So after some bitter political scuffles immediately following the war, the party settled on two major principles for postwar Reconstruction: universal male suffrage, and classical liberal economic policy. No unions, strict defense of property rights, fiscal austerity, and the gold standard were thought to provide a level economic playing field, where blacks and whites alike could get a fair chance at prosperity. It was rather different in detail from today's conservative ideology — especially in the South, where Republicans were building state governments basically from scratch — but the general thrust was quite similar.
There were some obvious problems with this from the start, from unfairness of thinking former slaves — most of whom had been denied education and wages for their entire lives — would be able to compete on equal terms with white laborers without government assistance, to the disturbing fact that most new jobs seemed to be in huge, centralized city factories.
These problems could be papered over for a time. Despite the fact that Republicans failed to assist the freedmen in any real material sense, they did fiercely defend their voting rights during Reconstruction. This meant regular use of federal troops and law enforcement to suppress the gangs of white terrorists who were constantly trying to violently overthrow Republican state governments in the South and replace them with white supremacist ones.
But the Panic of 1873, a financial crisis which kicked off a six-year depression, shattered the free labor ideology. Suddenly with mass unemployment and wrenching poverty everywhere, it became impossible to credibly argue that classical liberalism was working for the average schlub. But instead of ditching their economic beliefs, and endorsing some government action to attack the depression, many Northern Republicans abandoned democracy. Liberal "reformers," publishing in outlets like The Atlantic Monthly and The Nation, became obsessed with corruption and the supposed incompetence of average voters — especially blacks.

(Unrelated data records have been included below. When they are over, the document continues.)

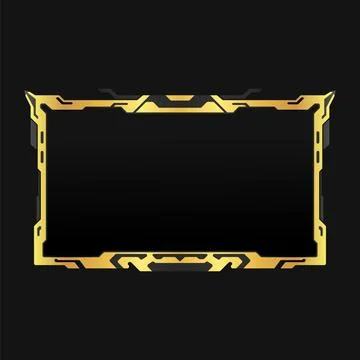 Golden gaming interface video streaming border frame for live streaming Stock Illustration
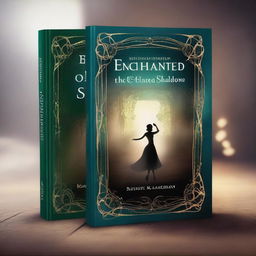 Create a captivating book cover for a novel called 'Enchanted Echos: The Twisted Dance of Glass and Shadows'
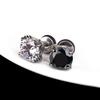 Pendientes de acero inoxidable con personalidad de circonitas retro de titanio y diamantes, joyería transfronteriza, venta al por mayor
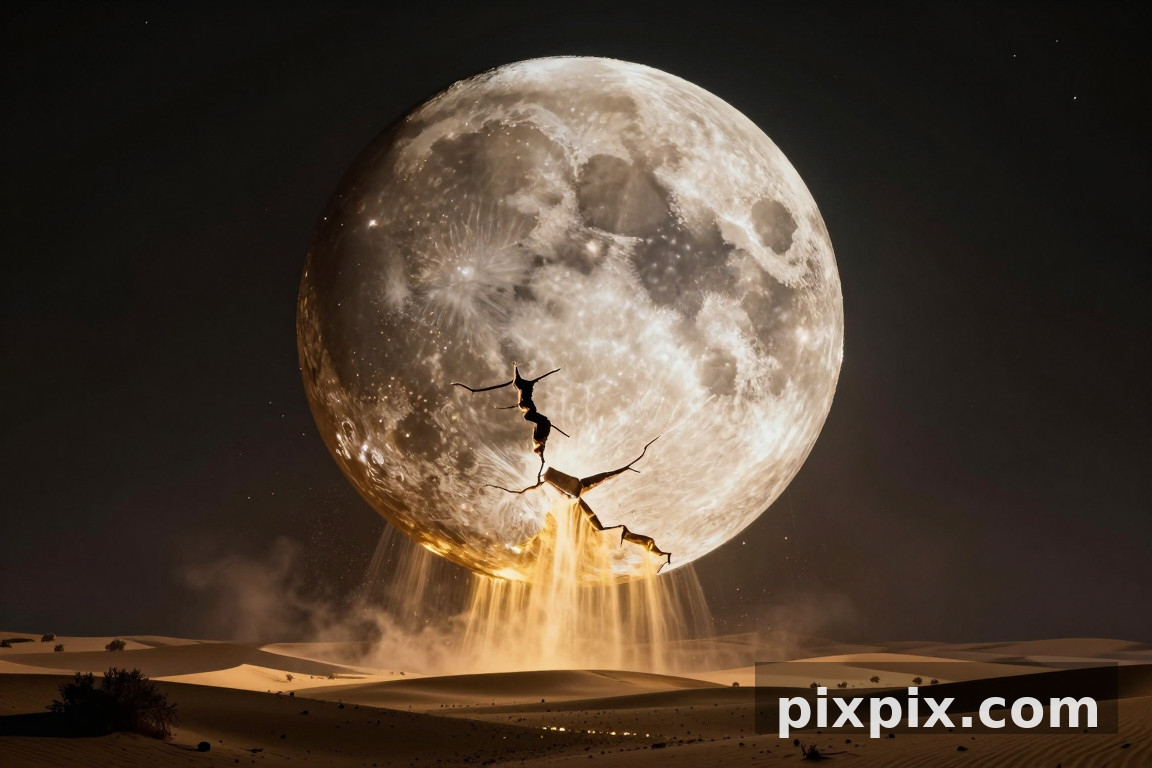 Lune géante se fendant - Surreal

As the party became more elitist and racist, it became less and less willing to support the use of federal force against white terrorism. Finally, when President Ulysses S. Grant ordered federal troops to unseat five Democrats in the Louisiana state legislature who had been fraudulently seated there in an attempt to seize power, respectable Northern opinion reacted with stunned outrage:
The failure to deal with the recession, coupled to Republicans' partial abandonment of their most loyal voting demographic, wrecked Republican political fortunes in the 1876 election. Capping off their betrayal of the freedmen, they agreed to pull troops out of the South in exchange for the presidency. Democrats would abandon their (fraudulent) claims to have won the election, and Republicans would abandon Southern blacks, elevating Rutherford B. Hayes to the presidency — and consigning blacks to nearly a century of Jim Crow terror.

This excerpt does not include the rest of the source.